__EXERCISE DESCRIPTION__:
Output the entries below without any alteration.

LISTED ENTRIES: Begin

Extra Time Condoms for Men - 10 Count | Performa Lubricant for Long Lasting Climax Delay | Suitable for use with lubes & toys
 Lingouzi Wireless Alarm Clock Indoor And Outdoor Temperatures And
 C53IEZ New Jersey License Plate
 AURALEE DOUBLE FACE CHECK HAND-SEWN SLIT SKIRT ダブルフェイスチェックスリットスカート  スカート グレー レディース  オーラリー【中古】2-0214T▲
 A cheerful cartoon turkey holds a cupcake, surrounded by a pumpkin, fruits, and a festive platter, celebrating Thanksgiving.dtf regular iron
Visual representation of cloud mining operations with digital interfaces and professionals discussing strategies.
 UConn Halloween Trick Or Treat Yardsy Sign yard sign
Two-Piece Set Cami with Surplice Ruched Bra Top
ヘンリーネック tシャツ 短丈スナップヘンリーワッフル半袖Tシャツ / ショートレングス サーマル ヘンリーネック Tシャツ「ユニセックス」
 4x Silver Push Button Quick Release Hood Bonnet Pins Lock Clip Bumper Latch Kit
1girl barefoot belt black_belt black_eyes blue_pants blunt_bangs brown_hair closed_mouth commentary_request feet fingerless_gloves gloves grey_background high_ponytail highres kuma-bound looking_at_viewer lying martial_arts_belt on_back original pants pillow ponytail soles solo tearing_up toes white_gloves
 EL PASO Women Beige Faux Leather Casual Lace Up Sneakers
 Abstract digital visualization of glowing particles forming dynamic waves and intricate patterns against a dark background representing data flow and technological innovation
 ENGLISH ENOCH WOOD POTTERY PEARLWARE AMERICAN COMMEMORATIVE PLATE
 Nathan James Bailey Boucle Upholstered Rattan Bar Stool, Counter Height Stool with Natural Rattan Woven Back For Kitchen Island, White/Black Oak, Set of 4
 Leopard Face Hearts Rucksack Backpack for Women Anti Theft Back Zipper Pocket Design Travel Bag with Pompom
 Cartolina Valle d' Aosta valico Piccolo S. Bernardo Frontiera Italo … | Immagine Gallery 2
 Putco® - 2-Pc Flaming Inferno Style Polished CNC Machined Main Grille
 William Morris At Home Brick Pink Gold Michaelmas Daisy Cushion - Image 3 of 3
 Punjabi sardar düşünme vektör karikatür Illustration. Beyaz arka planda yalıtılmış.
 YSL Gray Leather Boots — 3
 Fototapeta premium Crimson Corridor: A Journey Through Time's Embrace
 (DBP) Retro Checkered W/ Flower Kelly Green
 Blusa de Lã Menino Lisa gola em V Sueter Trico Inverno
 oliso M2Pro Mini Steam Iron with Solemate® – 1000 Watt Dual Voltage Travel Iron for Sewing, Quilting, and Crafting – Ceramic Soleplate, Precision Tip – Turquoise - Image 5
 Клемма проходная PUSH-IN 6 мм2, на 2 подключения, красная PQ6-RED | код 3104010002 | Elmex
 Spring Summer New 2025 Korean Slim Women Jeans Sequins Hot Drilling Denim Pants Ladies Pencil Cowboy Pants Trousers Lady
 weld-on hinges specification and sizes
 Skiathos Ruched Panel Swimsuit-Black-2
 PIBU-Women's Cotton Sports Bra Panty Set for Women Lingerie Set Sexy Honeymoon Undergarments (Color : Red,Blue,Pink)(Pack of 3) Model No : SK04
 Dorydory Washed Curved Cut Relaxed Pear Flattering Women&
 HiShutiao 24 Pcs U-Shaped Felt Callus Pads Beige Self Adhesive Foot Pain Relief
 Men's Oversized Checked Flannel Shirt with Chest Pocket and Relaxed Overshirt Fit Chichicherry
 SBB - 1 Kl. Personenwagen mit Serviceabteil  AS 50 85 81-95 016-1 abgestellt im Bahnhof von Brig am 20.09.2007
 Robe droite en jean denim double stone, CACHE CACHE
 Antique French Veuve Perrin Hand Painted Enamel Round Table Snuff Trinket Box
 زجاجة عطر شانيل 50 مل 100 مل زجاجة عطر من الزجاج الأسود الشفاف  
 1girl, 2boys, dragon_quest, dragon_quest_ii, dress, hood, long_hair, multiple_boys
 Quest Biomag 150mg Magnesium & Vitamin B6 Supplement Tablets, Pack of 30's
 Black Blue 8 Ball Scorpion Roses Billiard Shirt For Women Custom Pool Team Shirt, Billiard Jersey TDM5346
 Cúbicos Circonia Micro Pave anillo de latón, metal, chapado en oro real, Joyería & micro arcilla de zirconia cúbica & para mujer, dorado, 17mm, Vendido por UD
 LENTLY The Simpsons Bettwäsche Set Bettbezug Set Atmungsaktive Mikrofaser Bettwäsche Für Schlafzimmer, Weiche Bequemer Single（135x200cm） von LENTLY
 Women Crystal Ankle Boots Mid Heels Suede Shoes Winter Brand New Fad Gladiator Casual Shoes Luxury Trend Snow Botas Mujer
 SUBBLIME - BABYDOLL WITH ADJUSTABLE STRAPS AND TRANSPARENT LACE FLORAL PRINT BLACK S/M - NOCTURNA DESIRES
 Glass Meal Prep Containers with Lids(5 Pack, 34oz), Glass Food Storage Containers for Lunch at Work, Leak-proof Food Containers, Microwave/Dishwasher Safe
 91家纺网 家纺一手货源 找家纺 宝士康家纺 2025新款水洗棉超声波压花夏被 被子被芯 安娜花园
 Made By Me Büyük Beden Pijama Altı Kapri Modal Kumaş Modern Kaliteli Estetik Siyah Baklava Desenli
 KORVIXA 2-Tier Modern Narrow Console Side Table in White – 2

LISTED ENTRIES: End

__EXERCISE OUTPUT__:
Extra Time Condoms for Men - 10 Count | Performa Lubricant for Long Lasting Climax Delay | Suitable for use with lubes & toys
 Lingouzi Wireless Alarm Clock Indoor And Outdoor Temperatures And
 C53IEZ New Jersey License Plate
 AURALEE DOUBLE FACE CHECK HAND-SEWN SLIT SKIRT ダブルフェイスチェックスリットスカート  スカート グレー レディース  オーラリー【中古】2-0214T▲
 A cheerful cartoon turkey holds a cupcake, surrounded by a pumpkin, fruits, and a festive platter, celebrating Thanksgiving.dtf regular iron
Visual representation of cloud mining operations with digital interfaces and professionals discussing strategies.
 UConn Halloween Trick Or Treat Yardsy Sign yard sign
Two-Piece Set Cami with Surplice Ruched Bra Top
ヘンリーネック tシャツ 短丈スナップヘンリーワッフル半袖Tシャツ / ショートレングス サーマル ヘンリーネック Tシャツ「ユニセックス」
 4x Silver Push Button Quick Release Hood Bonnet Pins Lock Clip Bumper Latch Kit
1girl barefoot belt black_belt black_eyes blue_pants blunt_bangs brown_hair closed_mouth commentary_request feet fingerless_gloves gloves grey_background high_ponytail highres kuma-bound looking_at_viewer lying martial_arts_belt on_back original pants pillow ponytail soles solo tearing_up toes white_gloves
 EL PASO Women Beige Faux Leather Casual Lace Up Sneakers
 Abstract digital visualization of glowing particles forming dynamic waves and intricate patterns against a dark background representing data flow and technological innovation
 ENGLISH ENOCH WOOD POTTERY PEARLWARE AMERICAN COMMEMORATIVE PLATE
 Nathan James Bailey Boucle Upholstered Rattan Bar Stool, Counter Height Stool with Natural Rattan Woven Back For Kitchen Island, White/Black Oak, Set of 4
 Leopard Face Hearts Rucksack Backpack for Women Anti Theft Back Zipper Pocket Design Travel Bag with Pompom
 Cartolina Valle d' Aosta valico Piccolo S. Bernardo Frontiera Italo … | Immagine Gallery 2
 Putco® - 2-Pc Flaming Inferno Style Polished CNC Machined Main Grille
 William Morris At Home Brick Pink Gold Michaelmas Daisy Cushion - Image 3 of 3
 Punjabi sardar düşünme vektör karikatür Illustration. Beyaz arka planda yalıtılmış.
 YSL Gray Leather Boots — 3
 Fototapeta premium Crimson Corridor: A Journey Through Time's Embrace
 (DBP) Retro Checkered W/ Flower Kelly Green
 Blusa de Lã Menino Lisa gola em V Sueter Trico Inverno
 oliso M2Pro Mini Steam Iron with Solemate® – 1000 Watt Dual Voltage Travel Iron for Sewing, Quilting, and Crafting – Ceramic Soleplate, Precision Tip – Turquoise - Image 5
 Клемма проходная PUSH-IN 6 мм2, на 2 подключения, красная PQ6-RED | код 3104010002 | Elmex
 Spring Summer New 2025 Korean Slim Women Jeans Sequins Hot Drilling Denim Pants Ladies Pencil Cowboy Pants Trousers Lady
 weld-on hinges specification and sizes
 Skiathos Ruched Panel Swimsuit-Black-2
 PIBU-Women's Cotton Sports Bra Panty Set for Women Lingerie Set Sexy Honeymoon Undergarments (Color : Red,Blue,Pink)(Pack of 3) Model No : SK04
 Dorydory Washed Curved Cut Relaxed Pear Flattering Women&
 HiShutiao 24 Pcs U-Shaped Felt Callus Pads Beige Self Adhesive Foot Pain Relief
 Men's Oversized Checked Flannel Shirt with Chest Pocket and Relaxed Overshirt Fit Chichicherry
 SBB - 1 Kl. Personenwagen mit Serviceabteil  AS 50 85 81-95 016-1 abgestellt im Bahnhof von Brig am 20.09.2007
 Robe droite en jean denim double stone, CACHE CACHE
 Antique French Veuve Perrin Hand Painted Enamel Round Table Snuff Trinket Box
 زجاجة عطر شانيل 50 مل 100 مل زجاجة عطر من الزجاج الأسود الشفاف  
 1girl, 2boys, dragon_quest, dragon_quest_ii, dress, hood, long_hair, multiple_boys
 Quest Biomag 150mg Magnesium & Vitamin B6 Supplement Tablets, Pack of 30's
 Black Blue 8 Ball Scorpion Roses Billiard Shirt For Women Custom Pool Team Shirt, Billiard Jersey TDM5346
 Cúbicos Circonia Micro Pave anillo de latón, metal, chapado en oro real, Joyería & micro arcilla de zirconia cúbica & para mujer, dorado, 17mm, Vendido por UD
 LENTLY The Simpsons Bettwäsche Set Bettbezug Set Atmungsaktive Mikrofaser Bettwäsche Für Schlafzimmer, Weiche Bequemer Single（135x200cm） von LENTLY
 Women Crystal Ankle Boots Mid Heels Suede Shoes Winter Brand New Fad Gladiator Casual Shoes Luxury Trend Snow Botas Mujer
 SUBBLIME - BABYDOLL WITH ADJUSTABLE STRAPS AND TRANSPARENT LACE FLORAL PRINT BLACK S/M - NOCTURNA DESIRES
 Glass Meal Prep Containers with Lids(5 Pack, 34oz), Glass Food Storage Containers for Lunch at Work, Leak-proof Food Containers, Microwave/Dishwasher Safe
 91家纺网 家纺一手货源 找家纺 宝士康家纺 2025新款水洗棉超声波压花夏被 被子被芯 安娜花园
 Made By Me Büyük Beden Pijama Altı Kapri Modal Kumaş Modern Kaliteli Estetik Siyah Baklava Desenli
 KORVIXA 2-Tier Modern Narrow Console Side Table in White – 2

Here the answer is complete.